--- START ---

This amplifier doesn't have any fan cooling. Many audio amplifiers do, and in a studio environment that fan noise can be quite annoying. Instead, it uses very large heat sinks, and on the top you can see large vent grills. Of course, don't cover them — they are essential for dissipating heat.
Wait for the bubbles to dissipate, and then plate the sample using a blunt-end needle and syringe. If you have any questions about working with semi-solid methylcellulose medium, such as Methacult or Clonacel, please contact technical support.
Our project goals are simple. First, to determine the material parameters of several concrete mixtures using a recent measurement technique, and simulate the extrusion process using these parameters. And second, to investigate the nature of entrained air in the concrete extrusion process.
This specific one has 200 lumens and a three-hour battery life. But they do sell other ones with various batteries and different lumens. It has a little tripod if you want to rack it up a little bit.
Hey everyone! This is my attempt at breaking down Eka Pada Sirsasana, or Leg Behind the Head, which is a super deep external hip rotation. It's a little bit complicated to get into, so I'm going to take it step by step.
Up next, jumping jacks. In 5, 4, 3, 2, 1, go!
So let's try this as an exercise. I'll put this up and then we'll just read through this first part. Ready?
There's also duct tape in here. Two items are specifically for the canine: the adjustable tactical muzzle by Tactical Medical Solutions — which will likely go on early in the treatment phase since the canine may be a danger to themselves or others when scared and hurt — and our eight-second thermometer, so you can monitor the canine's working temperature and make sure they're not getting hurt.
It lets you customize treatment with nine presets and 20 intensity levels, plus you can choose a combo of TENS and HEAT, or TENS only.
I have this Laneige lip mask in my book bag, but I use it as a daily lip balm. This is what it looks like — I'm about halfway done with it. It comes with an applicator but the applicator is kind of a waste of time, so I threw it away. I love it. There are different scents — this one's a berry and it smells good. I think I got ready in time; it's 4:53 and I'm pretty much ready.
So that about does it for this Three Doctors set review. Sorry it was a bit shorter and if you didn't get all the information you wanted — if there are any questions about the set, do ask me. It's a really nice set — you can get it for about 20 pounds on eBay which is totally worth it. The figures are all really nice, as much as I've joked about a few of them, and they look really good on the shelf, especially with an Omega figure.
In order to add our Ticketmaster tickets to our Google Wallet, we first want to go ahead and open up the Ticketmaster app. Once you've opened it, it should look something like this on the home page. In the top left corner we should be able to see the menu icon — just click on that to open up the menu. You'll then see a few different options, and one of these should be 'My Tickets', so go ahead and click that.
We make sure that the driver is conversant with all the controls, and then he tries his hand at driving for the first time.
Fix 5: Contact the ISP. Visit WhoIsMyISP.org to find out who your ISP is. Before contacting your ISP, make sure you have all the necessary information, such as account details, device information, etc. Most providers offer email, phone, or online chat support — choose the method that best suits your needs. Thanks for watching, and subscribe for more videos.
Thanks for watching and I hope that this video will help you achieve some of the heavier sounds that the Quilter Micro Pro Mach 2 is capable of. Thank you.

--- END ---

Above is a listing; print exactly its lines from the one with "Up next, jumping jacks. In 5, 4, 3, 2, 1, go!" through the one with "So let's try", and no other lines.

Up next, jumping jacks. In 5, 4, 3, 2, 1, go!
So let's try this as an exercise. I'll put this up and then we'll just read through this first part. Ready?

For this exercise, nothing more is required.